A personal journey through 4GB of laptop clutter and over 800 phone screenshots I'll never look at again

The discovery

During some late-night reading, I stumbled across a 2025 paper by Liu & Liu in Frontiers in Psychology on something called digital hoarding.
I'd never heard the term before.
But as I kept reading, I felt Called out.

They defined it as: "The compulsive accumulation of digital files to the point of distress and disorganization."
And I thought to myself ,that's not only a research subject. that's my laptop,and probably my phone too.

On my laptop:

  • ~/Downloads – 47 PDFs, 12 driver installers, 3 tutorials I never finished. Oldest: 2019
  • ~/Desktop – Screenshots of error messages I Googled and fixed. Oldest: 2021
  • ~/code/experiments – 23 half-built projects, 18 with broken dependencies. Oldest: 2020
  • ~/Documents/old-work – Repos from two jobs ago. Two jobs ago! Oldest: 2018

On my phone:

  • Screenshots folder – 1,112 images. Error messages, tweets, "read later" articles, memes.
  • Photos (duplicates) – The same picture saved 3-4 times.
  • Old app caches – 2.1 GB from apps I haven't opened in months.
  • Voice notes – 47 recordings. "Reminder to self" from 2022 to 2026.
  • WhatsApp images – From groups I left in 2023.

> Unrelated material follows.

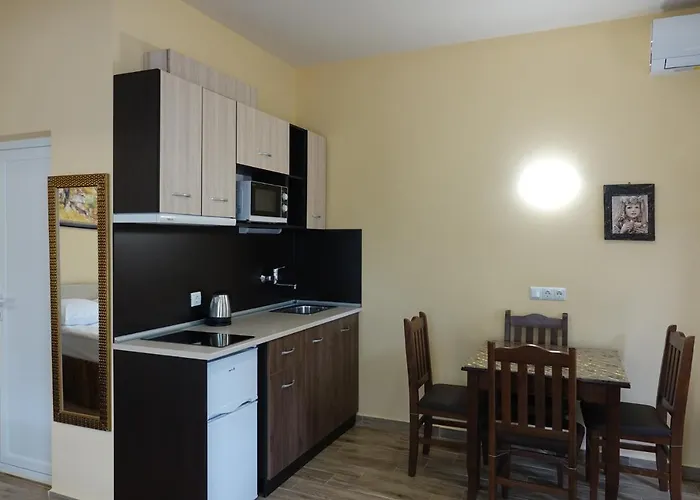 борник хил / Bornik Hill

I was a digital hoarder with a terminal and a smartphone addiction.

What Liu & Liu taught me

The paper described digital hoarding as a "double-edged sword."
On one edge: It feels responsible. "I might need this someday." "Better to save it than lose it."
On the other edge: It's actively hurting me — on every device I own.
They listed consequences that hit too close to home:

  • Cognitive load – Every extra file is a tiny decision I don't make
  • Decision fatigue – Which of these 14 project folders is the real one?
  • Anxiety – "What if I delete something important?"
  • Battery drain – Your phone constantly indexing thousands of unused files

And the part that really got me: "A protective behavior that eventually becomes a burden."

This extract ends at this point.